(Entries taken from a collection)
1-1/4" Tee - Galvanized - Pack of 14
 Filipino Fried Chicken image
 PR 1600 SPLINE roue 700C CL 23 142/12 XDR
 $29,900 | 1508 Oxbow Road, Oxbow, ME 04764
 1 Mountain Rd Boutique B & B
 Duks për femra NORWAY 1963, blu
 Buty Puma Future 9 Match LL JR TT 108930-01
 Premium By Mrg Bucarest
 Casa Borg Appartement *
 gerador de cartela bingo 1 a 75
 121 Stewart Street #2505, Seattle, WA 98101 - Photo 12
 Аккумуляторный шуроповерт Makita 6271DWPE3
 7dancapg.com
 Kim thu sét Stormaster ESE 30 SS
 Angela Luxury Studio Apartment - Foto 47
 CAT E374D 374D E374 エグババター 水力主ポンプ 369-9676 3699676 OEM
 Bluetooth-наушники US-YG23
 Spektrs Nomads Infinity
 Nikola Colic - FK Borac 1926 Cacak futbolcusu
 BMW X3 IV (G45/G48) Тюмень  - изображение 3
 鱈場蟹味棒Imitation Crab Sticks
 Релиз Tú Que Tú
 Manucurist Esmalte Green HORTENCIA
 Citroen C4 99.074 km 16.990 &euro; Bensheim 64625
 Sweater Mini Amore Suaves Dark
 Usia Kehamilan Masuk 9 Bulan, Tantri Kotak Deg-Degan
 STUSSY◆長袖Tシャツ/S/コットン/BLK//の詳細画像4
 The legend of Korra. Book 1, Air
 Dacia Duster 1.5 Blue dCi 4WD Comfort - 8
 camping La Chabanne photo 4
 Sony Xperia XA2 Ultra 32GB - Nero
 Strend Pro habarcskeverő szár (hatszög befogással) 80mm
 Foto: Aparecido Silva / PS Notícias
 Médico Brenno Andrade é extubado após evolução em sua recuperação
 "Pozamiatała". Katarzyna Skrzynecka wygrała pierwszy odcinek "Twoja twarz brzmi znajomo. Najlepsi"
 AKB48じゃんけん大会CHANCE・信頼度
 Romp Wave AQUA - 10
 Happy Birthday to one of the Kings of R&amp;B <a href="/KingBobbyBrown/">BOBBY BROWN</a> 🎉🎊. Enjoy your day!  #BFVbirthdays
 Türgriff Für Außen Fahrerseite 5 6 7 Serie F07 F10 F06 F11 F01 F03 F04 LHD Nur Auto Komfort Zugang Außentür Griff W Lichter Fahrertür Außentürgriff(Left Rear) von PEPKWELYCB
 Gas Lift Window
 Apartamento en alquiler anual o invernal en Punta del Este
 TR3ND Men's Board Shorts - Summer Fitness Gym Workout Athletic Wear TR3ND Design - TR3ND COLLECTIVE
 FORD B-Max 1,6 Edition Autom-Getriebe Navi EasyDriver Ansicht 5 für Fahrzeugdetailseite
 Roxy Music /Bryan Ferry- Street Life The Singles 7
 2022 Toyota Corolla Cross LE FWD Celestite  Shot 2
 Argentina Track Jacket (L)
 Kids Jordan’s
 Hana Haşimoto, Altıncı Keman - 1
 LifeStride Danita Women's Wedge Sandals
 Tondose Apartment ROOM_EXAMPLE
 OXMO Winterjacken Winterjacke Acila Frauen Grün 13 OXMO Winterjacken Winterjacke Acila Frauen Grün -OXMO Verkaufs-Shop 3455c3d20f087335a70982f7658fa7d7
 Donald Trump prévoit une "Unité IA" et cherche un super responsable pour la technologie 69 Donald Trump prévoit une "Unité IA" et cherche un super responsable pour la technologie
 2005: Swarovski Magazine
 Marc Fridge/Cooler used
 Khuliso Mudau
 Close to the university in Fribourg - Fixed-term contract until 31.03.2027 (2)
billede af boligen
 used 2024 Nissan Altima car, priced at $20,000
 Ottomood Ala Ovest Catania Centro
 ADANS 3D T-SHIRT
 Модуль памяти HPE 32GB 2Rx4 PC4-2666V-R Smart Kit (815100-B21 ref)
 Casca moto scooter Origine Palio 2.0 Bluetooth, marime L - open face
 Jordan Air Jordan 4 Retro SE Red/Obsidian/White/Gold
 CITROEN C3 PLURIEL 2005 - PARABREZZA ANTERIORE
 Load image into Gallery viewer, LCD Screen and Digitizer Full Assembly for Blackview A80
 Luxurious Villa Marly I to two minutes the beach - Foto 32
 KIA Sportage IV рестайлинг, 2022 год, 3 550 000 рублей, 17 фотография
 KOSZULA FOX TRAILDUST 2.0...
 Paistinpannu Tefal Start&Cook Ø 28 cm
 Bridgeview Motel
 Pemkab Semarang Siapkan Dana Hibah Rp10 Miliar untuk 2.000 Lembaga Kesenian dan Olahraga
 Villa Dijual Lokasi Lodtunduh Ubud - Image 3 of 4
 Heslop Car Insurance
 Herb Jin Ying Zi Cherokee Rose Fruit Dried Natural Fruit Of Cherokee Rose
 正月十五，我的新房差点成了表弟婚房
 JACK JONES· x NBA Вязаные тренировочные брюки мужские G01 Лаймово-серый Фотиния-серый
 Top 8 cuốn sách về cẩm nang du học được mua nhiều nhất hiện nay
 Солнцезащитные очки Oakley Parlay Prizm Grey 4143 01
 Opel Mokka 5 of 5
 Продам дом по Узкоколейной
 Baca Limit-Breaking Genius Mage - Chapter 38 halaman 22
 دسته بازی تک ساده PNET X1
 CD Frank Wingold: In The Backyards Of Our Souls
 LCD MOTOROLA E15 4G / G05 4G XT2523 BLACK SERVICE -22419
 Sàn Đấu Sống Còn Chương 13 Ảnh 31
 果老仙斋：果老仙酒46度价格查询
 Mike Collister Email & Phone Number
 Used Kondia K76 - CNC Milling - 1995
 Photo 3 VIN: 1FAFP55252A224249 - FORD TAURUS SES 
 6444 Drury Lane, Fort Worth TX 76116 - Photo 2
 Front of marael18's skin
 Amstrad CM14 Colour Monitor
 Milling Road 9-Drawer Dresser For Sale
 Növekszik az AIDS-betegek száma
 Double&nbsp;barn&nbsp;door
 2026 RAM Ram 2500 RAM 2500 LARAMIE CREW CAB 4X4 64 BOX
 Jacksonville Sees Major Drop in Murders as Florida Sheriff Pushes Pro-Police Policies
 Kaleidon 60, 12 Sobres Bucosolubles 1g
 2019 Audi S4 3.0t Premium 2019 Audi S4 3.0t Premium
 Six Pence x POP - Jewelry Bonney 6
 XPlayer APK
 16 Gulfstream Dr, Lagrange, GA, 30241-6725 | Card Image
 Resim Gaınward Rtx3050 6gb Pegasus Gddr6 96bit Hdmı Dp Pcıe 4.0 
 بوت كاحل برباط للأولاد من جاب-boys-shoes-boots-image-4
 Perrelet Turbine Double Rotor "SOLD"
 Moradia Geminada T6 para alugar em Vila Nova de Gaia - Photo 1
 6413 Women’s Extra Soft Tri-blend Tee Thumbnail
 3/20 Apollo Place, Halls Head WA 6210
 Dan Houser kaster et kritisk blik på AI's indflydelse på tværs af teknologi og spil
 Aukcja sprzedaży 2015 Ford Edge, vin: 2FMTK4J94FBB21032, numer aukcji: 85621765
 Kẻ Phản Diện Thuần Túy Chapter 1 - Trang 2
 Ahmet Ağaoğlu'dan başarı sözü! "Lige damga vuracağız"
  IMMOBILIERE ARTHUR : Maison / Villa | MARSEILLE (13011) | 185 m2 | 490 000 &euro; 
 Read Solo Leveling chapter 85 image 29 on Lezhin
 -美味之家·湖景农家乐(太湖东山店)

### To do
The word "Road" may appear in several lines of the data; copy every line where it does.

### Task result
 $29,900 | 1508 Oxbow Road, Oxbow, ME 04764
 Milling Road 9-Drawer Dresser For Sale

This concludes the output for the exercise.